» **WHAT THE TASK REQUIRES**: Every line from the one bearing "Factory wholesale of" through the last line of the records below is to be output exactly, and no other line; leave out the pictures.

» **INPUT DATA**:
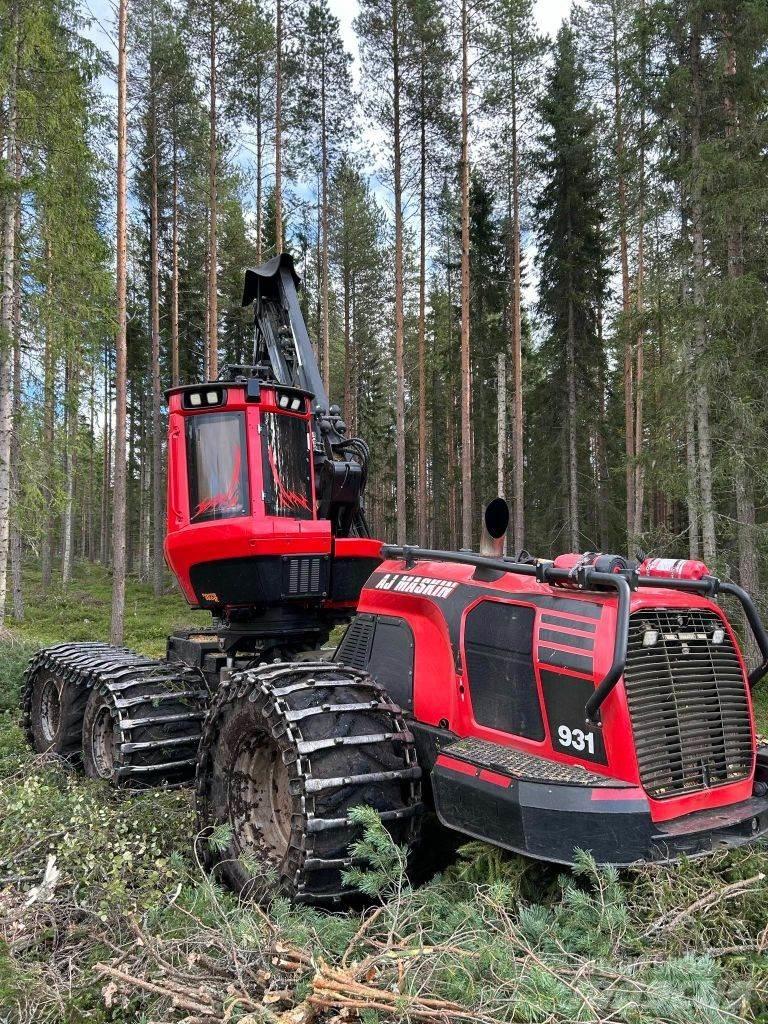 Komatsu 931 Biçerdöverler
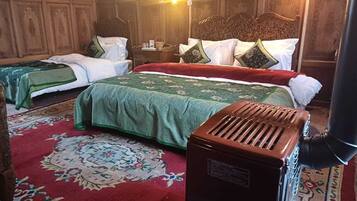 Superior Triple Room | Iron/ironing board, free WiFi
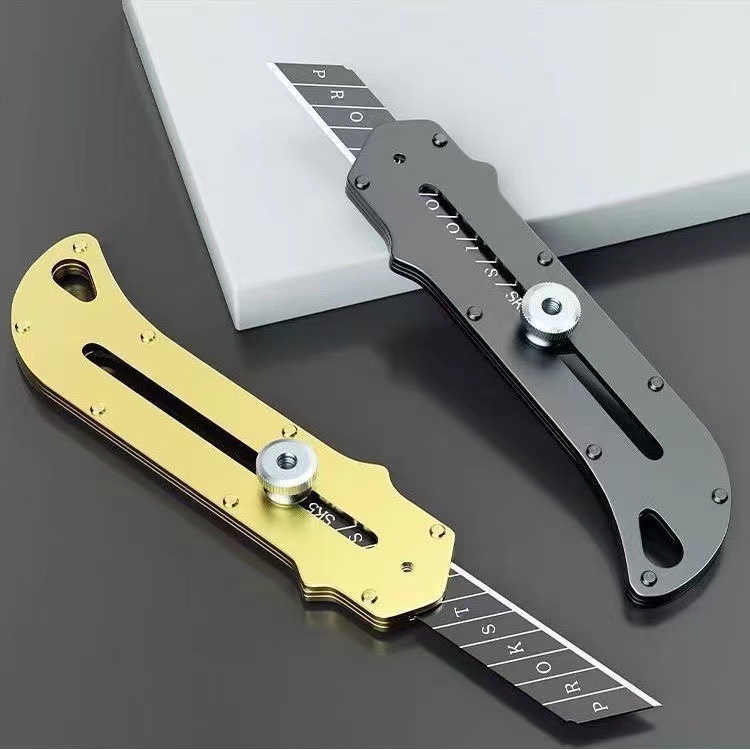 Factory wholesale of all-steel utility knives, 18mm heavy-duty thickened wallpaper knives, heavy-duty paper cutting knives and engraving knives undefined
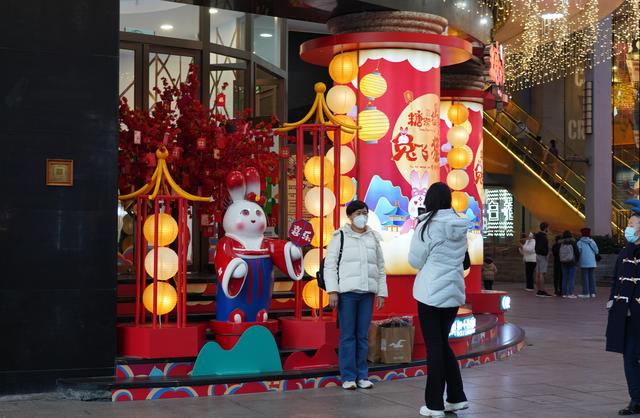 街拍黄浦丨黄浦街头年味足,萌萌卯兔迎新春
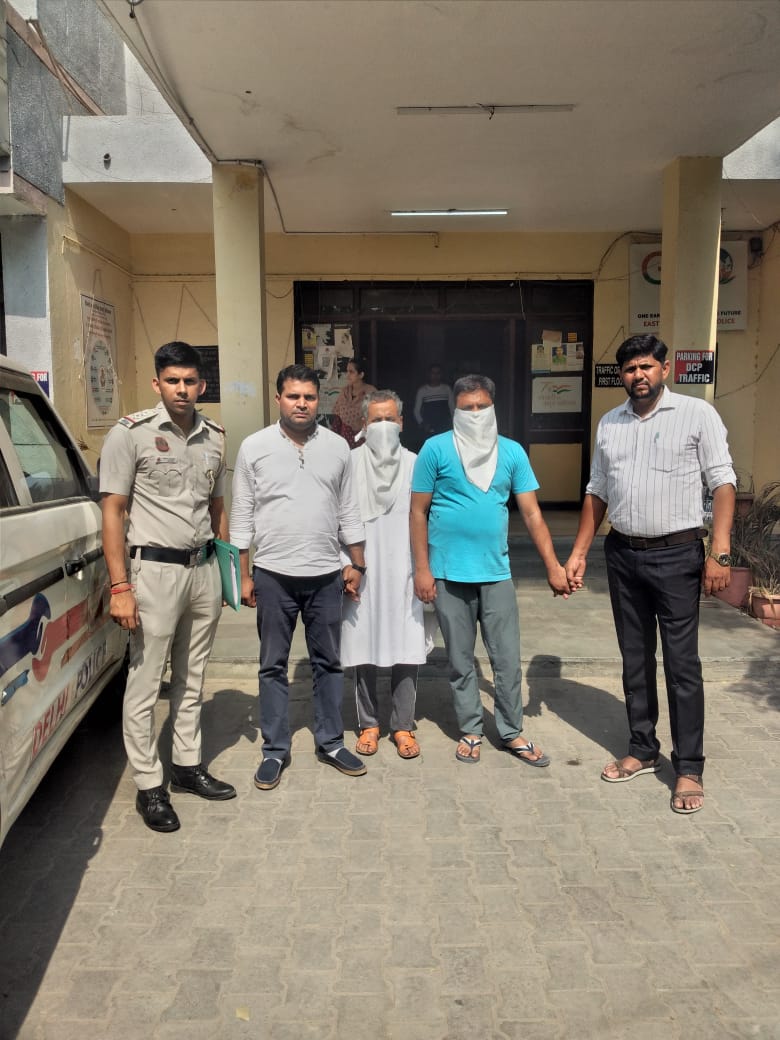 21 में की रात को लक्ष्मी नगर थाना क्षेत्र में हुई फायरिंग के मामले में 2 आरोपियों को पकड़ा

» **RESPONSE**:
 Factory wholesale of all-steel utility knives, 18mm heavy-duty thickened wallpaper knives, heavy-duty paper cutting knives and engraving knives undefined
 街拍黄浦丨黄浦街头年味足,萌萌卯兔迎新春
 21 में की रात को लक्ष्मी नगर थाना क्षेत्र में हुई फायरिंग के मामले में 2 आरोपियों को पकड़ा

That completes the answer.